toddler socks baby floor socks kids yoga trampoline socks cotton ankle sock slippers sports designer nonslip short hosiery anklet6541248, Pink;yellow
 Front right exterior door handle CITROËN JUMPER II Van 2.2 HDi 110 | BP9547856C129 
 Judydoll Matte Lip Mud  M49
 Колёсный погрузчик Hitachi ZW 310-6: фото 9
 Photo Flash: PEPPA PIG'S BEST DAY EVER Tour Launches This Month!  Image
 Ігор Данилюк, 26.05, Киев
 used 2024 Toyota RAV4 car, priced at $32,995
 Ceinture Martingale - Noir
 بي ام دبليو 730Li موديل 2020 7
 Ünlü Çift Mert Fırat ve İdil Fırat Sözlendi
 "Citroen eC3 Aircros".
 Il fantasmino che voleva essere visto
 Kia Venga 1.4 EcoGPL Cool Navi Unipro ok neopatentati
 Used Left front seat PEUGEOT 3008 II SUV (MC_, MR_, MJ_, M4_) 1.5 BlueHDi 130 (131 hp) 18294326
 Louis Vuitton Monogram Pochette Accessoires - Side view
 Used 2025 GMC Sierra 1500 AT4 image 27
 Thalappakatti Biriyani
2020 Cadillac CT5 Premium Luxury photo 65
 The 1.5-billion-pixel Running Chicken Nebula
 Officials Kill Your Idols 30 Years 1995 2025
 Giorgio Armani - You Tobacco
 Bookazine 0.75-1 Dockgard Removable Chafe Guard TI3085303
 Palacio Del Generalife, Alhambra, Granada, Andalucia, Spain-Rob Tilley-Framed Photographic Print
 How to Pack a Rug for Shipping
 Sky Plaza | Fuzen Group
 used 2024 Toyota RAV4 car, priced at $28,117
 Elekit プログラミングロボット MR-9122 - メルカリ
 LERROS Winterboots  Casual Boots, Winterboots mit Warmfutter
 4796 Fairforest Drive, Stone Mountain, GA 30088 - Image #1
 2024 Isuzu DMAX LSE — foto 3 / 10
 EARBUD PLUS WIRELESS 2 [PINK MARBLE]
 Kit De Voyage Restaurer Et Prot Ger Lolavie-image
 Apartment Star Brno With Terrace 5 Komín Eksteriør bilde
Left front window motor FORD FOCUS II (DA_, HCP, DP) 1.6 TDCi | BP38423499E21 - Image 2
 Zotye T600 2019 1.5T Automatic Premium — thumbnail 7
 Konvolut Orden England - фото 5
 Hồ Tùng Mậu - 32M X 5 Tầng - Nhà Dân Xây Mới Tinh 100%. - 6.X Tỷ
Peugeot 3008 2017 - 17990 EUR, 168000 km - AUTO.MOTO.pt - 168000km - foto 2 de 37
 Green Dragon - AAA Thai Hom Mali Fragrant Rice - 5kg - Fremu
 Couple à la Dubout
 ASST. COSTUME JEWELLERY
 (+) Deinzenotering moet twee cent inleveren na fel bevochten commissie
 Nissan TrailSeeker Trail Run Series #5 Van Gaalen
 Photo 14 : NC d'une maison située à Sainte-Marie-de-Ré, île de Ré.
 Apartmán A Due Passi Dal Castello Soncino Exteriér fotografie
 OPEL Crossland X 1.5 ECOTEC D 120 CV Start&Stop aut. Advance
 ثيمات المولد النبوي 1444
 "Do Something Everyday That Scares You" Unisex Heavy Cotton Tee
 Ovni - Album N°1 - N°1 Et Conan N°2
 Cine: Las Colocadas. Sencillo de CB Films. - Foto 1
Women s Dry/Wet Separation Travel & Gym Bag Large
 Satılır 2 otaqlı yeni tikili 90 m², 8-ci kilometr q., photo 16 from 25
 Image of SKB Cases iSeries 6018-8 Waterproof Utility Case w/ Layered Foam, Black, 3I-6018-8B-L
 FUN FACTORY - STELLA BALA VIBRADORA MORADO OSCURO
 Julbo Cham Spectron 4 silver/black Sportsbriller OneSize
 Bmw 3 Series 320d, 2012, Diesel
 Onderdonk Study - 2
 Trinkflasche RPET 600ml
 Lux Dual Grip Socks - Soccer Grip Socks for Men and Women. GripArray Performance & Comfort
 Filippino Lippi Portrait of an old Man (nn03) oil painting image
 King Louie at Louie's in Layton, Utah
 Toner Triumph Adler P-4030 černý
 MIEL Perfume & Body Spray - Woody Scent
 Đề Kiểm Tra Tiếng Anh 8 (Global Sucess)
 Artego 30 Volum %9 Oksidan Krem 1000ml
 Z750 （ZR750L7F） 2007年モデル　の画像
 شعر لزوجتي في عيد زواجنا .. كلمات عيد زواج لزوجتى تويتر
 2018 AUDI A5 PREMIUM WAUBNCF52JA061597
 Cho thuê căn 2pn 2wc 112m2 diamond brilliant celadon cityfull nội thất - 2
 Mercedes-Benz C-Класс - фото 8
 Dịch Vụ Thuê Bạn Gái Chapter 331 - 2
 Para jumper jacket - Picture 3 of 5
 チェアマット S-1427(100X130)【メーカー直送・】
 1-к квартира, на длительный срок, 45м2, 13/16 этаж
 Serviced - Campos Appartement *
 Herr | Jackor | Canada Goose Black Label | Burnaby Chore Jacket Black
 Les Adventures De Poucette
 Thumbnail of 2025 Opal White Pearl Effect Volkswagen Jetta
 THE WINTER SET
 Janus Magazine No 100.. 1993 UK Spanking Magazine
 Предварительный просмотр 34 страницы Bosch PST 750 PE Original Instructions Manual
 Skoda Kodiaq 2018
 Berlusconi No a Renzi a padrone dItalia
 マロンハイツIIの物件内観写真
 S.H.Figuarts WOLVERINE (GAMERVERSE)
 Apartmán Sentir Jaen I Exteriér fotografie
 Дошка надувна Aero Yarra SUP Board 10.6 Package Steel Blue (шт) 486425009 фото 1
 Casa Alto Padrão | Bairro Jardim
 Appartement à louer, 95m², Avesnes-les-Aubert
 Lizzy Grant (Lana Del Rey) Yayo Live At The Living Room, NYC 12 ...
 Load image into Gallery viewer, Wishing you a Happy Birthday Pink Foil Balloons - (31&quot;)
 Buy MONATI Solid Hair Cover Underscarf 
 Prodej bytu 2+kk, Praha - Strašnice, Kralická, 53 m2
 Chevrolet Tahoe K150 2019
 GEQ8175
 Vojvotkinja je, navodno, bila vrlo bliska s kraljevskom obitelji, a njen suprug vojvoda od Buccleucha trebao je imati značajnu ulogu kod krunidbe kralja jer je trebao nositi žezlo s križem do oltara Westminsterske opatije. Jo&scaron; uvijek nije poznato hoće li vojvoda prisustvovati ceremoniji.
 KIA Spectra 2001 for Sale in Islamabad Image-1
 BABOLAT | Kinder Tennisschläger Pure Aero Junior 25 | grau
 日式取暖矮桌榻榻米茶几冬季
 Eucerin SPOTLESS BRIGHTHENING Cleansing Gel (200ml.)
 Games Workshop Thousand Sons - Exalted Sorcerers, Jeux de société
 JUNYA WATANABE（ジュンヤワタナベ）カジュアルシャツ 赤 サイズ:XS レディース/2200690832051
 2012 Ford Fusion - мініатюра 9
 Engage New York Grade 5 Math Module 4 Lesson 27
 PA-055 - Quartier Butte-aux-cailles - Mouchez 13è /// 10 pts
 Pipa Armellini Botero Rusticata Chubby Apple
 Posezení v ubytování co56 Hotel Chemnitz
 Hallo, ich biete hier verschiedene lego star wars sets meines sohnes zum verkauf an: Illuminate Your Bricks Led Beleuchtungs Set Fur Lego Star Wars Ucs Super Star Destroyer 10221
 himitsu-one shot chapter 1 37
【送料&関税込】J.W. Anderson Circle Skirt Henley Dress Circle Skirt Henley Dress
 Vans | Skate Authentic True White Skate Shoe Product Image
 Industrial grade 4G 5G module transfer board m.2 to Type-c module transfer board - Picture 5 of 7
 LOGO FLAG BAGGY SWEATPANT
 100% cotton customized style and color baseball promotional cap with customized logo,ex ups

DIRECTIONS. Produce a word-for-word copy of everything above from the line holding "OPEL Crossland X" down to the line holding "Lux Dual Grip", with both of those lines kept.

RESULT OF THIS EXERCISE.
 OPEL Crossland X 1.5 ECOTEC D 120 CV Start&Stop aut. Advance
 ثيمات المولد النبوي 1444
 "Do Something Everyday That Scares You" Unisex Heavy Cotton Tee
 Ovni - Album N°1 - N°1 Et Conan N°2
 Cine: Las Colocadas. Sencillo de CB Films. - Foto 1
Women s Dry/Wet Separation Travel & Gym Bag Large
 Satılır 2 otaqlı yeni tikili 90 m², 8-ci kilometr q., photo 16 from 25
 Image of SKB Cases iSeries 6018-8 Waterproof Utility Case w/ Layered Foam, Black, 3I-6018-8B-L
 FUN FACTORY - STELLA BALA VIBRADORA MORADO OSCURO
 Julbo Cham Spectron 4 silver/black Sportsbriller OneSize
 Bmw 3 Series 320d, 2012, Diesel
 Onderdonk Study - 2
 Trinkflasche RPET 600ml
 Lux Dual Grip Socks - Soccer Grip Socks for Men and Women. GripArray Performance & Comfort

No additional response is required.